Two trumpeters faced off playing “Fanfare for a New Theater” by Stravinsky, and then the National Anthem sounded from the elevated orchestra pit. Before the dance, Kristen Bell and Aaron Lazar sang “If I Loved You” from the grand musical “Carousel” to honor one of the theater’s original residents—Richard Rodgers’ Musical Theater of Lincoln Center.

And at last, the dancing ensued. In a nearly flawless performance, Sarah Mearns soared through Balanchine's still fresh “Allegro Brillante” (1964). Partnered by a confident, technically solid Jared Angle, Mearns let loose through wide arcing back bends releasing into arabesque plunges and turns fanning out and ending in airy balances.
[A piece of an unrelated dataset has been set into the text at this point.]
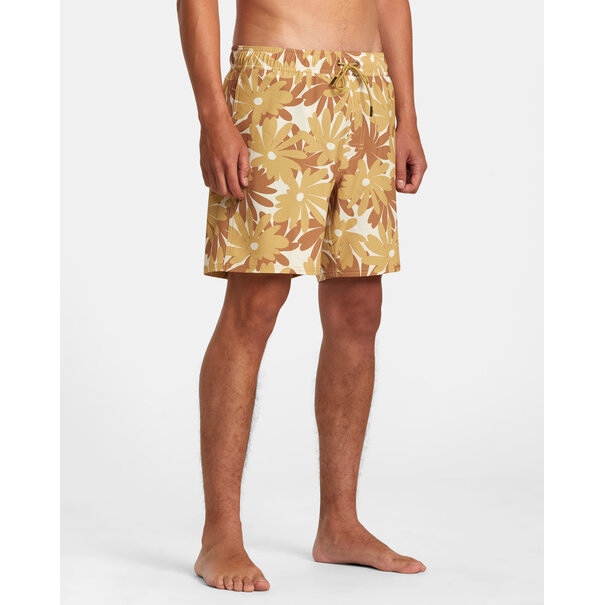 RVCA Va Pigment Print Elastic Short Khaki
Happily, instead of hiring a celebrity artist, Peter Martins commissioned a new work by the NYC Ballet dancer and budding choreographer, Justin Peck. Already scrutinized under a bright spotlight, Peck’s “Everywhere We Go” was worthy of a gala premiere celebrating the future of NYC Ballet.

Broken into nine “Musical Moments” the initial image, repeated at the end, presents three women standing directly in front of three men, palm covering their eyes and yes, reminiscent of the Balanchine’s “Serenade” where the woman stands behind the man and covers his eyes.
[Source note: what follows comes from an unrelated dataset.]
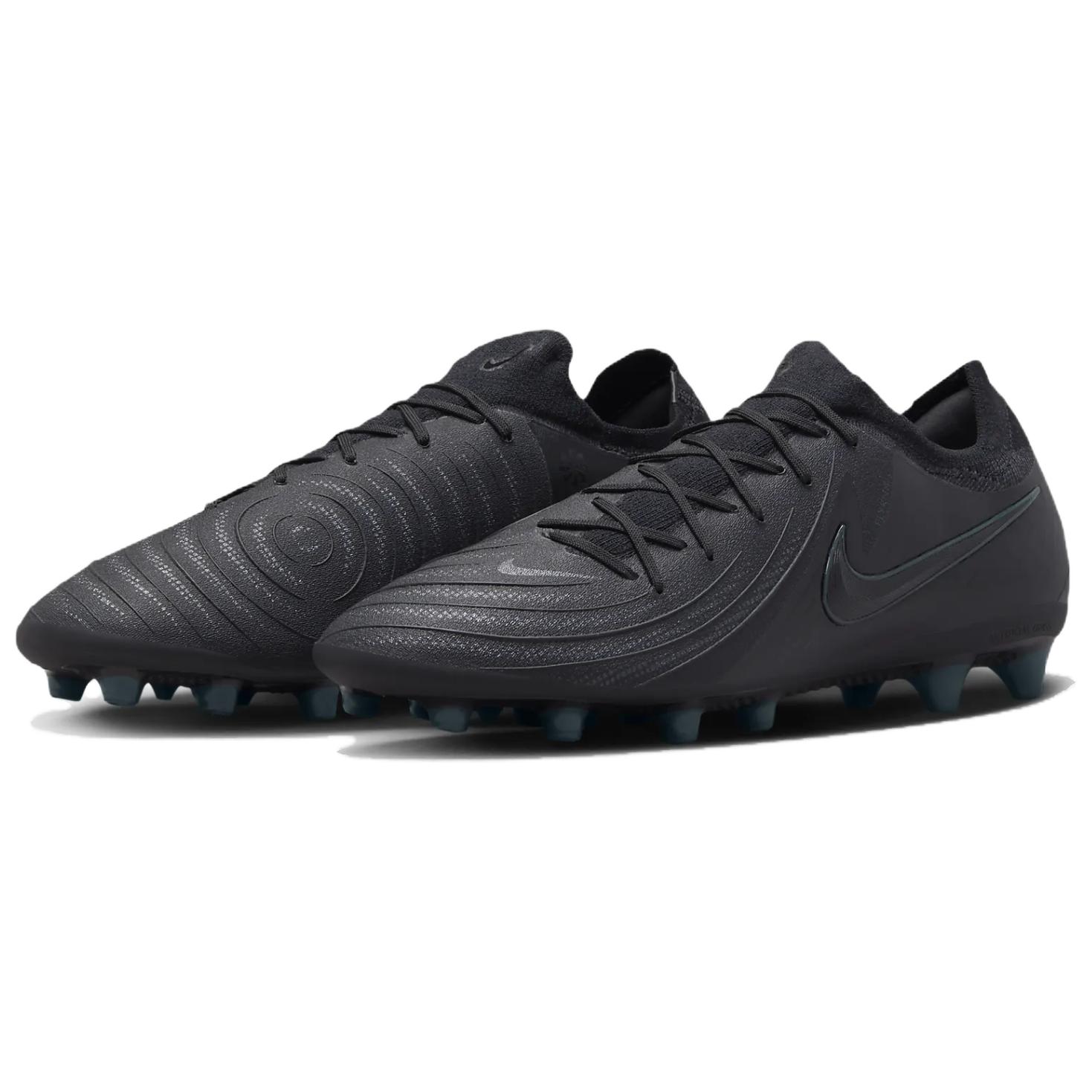 

Nike Phantom GX 2 Pro AG Rubber Short Studs Artificial Ground Cushioning Slip Resistant Soccer Shoes Unisex Black 44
After that, stillness is rare. Three couples, Sterling Hyltin and Andrew Veyette, Maria Kowroski and Robert Fairchild plus Tiler Peck and Amar Ramasar anchor the large-scale production executed in front of a geometric back drop by Karl Jensen that morphs like a computer game. Perpendicular lines of dancers break up the space forming “L’s” rather than the more traditional diagonal or horizontal patterns.

Although the choreography breaks into surging waves of motion, there are recurring images like women lying on their backs, legs pointed to the sky and used by the men for support. (The women form the same geometric shape – an “L” as the first croup of dancers.) In keeping with the general rush of movement, women fly through the air, landing on a cluster of up stretched arms only to melt into the floor when the music sags.

The duets demand and get, reckless trust dancing in tight synchronization only to snap apart. In particular, Ramasar asserts his cocky, urban street-wise swagger next to Pecks’s brisk, all-American form. All the couples are well matched and bring a vivacious glow to “Everywhere We Go.”